If sum of two terms is 10 and sum of first five terms is 20 the sum of three term is
Answers
Question :
In an AP , if the sum of first two terms is 10 and sum of first five terms is 20 then what is the sum of three terms ?
Answer :
S(3) = 14
Note :
★ A.P. (Arithmetic Progression) : A sequence in which the difference between the consecutive terms are equal is said to be in A.P.
★ If a1 , a2 , a3 , . . . , an are in AP , then
a2 - a1 = a3 - a2 = a4 - a3 = . . .
★ The common difference of an AP is given by ; d = a(n) - a(n-1) .
★ The nth term of an AP is given by ;
a(n) = a1 + (n - 1)d .
★ If a , b , c are in AP , then 2b = a + c .
★ The sum of nth terms of an AP is given by ; S(n) = (n/2)×[ 2a + (n - 1)d ] .
★ The nth term of an AP can be also given by ; a(n) = S(n) - S(n-1) .

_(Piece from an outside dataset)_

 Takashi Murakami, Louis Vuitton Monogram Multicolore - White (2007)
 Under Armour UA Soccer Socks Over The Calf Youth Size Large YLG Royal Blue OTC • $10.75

★ A linear polynomial in variable n always represents the nth term of an AP .
★ A quadratic polynomial in variable n always represents the sum of n terms of an AP .
★ If each terms of an AP is multiplied or divided by same quantity , then the resulting sequence is an AP .

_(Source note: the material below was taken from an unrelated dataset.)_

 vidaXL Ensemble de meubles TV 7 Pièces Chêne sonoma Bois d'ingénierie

★ If same quantity is added or subtracted in each term of an AP then the resulting sequence is an AP .
Solution :
- Given : S(2) = 10 , S(5) = 20
- To find : S(3) = ?
Let the five terms of the AP as ;
(a - 2d) , (a - d) , a , (a + d) , (a + 2d)
Now ,
According to the question ,
=> S(2) = 10
=> (a - 2d) + (a - d) = 10
=> 2a - 3d = 10 --------(1)
Also ,
=> S(5) = 20
=> (a-2d) + (a-d) + a + (a+d) + (a+2d) = 20
=> 5a = 20
=> a = 20/5
=> a = 4
Now ,
Sum of first three terms wil be ;
=> S(3) = (a - 2d) + (a - d) + a
=> S(3) = (2a - 3d) + a
=> S(3) = 10 + 4 {using eq-(1)}
=> S(3) = 14